▸ WHAT NEEDS TO BE DONE:
Given the material below, repeat exactly the lines from the one containing "BALENCIAGA（バレンシアガ）の古着「エブリデイ ポーチ」｜ブラック" through the final line, and nothing else.

**** COLLECTED DATA ****

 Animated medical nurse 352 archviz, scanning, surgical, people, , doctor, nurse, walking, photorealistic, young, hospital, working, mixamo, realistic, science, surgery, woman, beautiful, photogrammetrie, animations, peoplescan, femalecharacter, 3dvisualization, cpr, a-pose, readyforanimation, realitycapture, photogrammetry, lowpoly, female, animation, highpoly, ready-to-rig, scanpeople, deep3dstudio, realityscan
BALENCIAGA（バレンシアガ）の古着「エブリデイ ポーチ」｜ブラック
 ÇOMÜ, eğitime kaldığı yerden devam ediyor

****

▸ PROBLEM SOLUTION:
BALENCIAGA（バレンシアガ）の古着「エブリデイ ポーチ」｜ブラック
 ÇOMÜ, eğitime kaldığı yerden devam ediyor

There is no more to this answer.